Were I at Cumulus, I'd be concerned about the disposal of non-productive assets and small non-synergistic clusters which might be sold.

They've been in the process of doing that as opportunities arise. In addition to the major market deal to EMF (plus FMs in LA and WABC), I recall they sold off Dothan AL, Albany GA, and a group of stations in PA. They've shut down a few AMs in the south. They've quietly spun off businesses such as TM Studios. They still have a bunch of "non-productive assets" that they got from Citadel, so there's a lot of housecleaning still to be done.
 
"Long term" is a matter of opinion.
It's defined in this case as "after the proposed buyout would close".

They've operated as a debtor company for four years since exiting bankruptcy. So they're obviously not in a big rush to get rid of the company.
You might need to check again. As far as I can tell, the debtholders from the 2018 bankruptcy have exited their equity stakes received during the bankruptcy.
 
What makes you think they haven't been trying to sell those stations for the past three years?
They haven’t, to my knowledge hinted at or shown a desire to sell anything other than what they sold in 2019. I would be shocked if a company like iHeart has not expressed interest in a station like KRBE. If they’ve tried to sell them they must be in a position where what they have is working for them or the other potential companies aren’t interested or aren’t offering enough.

Out of curiosity, are stations like KABC, KGO, KSFO or even WLS even very profitable? I mean, they clear WW1 programming…
 
They haven’t, to my knowledge hinted at or shown a desire to sell anything other than what they sold in 2019.

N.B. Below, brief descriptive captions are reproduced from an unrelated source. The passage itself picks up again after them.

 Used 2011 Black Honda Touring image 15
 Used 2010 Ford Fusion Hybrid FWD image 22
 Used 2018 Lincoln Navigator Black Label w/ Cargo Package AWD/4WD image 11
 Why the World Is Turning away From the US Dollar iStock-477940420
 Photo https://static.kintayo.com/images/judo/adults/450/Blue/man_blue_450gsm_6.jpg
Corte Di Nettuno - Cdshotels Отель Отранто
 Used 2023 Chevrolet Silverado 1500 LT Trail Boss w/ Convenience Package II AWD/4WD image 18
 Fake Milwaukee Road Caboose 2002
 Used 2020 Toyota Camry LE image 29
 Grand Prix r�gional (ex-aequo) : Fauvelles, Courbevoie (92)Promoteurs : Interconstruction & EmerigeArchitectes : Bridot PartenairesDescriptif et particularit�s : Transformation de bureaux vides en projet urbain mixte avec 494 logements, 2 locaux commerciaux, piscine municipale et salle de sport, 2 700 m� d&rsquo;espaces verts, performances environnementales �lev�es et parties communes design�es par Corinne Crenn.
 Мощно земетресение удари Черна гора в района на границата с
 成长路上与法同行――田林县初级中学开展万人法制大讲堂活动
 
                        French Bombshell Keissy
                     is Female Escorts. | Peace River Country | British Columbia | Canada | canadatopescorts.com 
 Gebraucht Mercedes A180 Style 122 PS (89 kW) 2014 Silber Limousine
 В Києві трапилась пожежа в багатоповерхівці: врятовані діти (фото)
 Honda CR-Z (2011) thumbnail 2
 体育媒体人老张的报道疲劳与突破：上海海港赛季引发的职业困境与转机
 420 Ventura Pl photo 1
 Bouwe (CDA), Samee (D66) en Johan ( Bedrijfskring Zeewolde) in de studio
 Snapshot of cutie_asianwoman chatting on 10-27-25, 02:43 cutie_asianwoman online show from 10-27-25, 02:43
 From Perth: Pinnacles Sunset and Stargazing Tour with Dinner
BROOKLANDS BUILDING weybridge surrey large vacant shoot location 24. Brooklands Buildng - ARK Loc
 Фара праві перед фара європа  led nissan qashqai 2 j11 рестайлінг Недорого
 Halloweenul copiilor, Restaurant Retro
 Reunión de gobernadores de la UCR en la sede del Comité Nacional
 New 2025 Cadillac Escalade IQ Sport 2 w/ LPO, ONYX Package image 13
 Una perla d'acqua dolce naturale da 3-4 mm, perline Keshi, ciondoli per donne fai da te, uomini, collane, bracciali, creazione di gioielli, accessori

As I said in post #36, they've been quietly selling off clusters and stations in small markets, and even shutting down a few AMs. So it's been an ongoing process. Right now there is a glut of AM properties on the market in LA, and KABC is not the best of the available stations. The station is based in the Westwood One office in Culver City, so the operating costs are pretty limited. It's a similar situation in NY with WFAS. It's in the Cumulus corporate office. Cumulus has some type of corporate accounting office in Houston, so they can run KRBE fairly efficiently. KGO is combined with KNBR and KSAN. WLS is combined with several FMs and a major Midwest sales office. In other words, these stations aren't strictly operating as distinct stations, but combined with other company operations.